Problem to solve | Among the entries below, retype exactly the lines starting with the one with "Resim Candar Dantelli" and going on through the one with "Creative Cream Style Red Panda Ceiling Lamp", but not the pictures.

Data |
__________

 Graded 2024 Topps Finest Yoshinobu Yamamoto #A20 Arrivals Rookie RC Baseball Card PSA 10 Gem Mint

__________

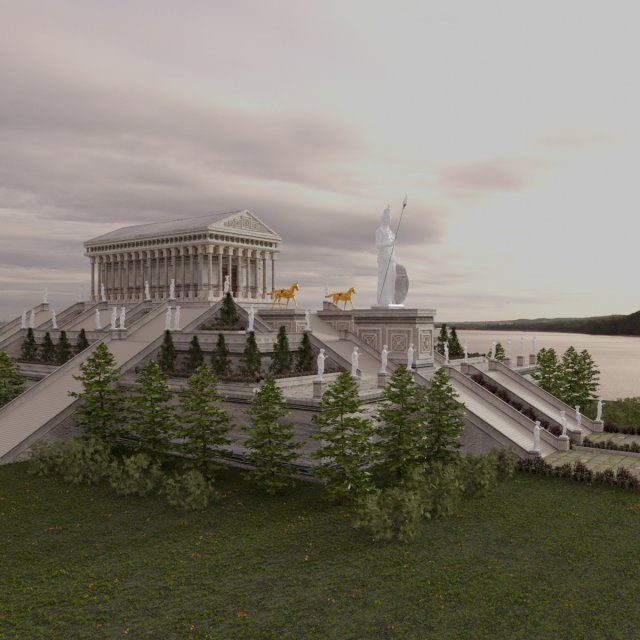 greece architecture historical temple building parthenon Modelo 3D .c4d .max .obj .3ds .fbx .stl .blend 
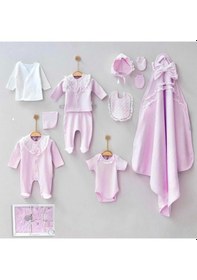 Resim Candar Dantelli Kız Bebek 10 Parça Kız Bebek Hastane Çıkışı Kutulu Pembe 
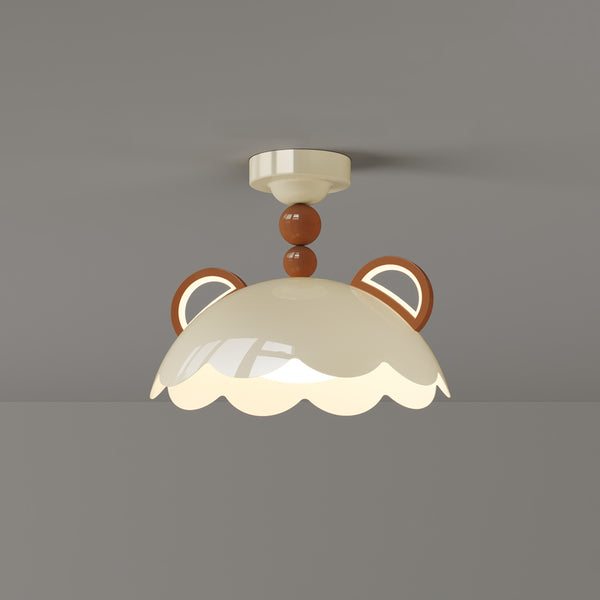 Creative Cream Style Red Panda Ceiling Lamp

__________

Solution below |
 Resim Candar Dantelli Kız Bebek 10 Parça Kız Bebek Hastane Çıkışı Kutulu Pembe 
 Creative Cream Style Red Panda Ceiling Lamp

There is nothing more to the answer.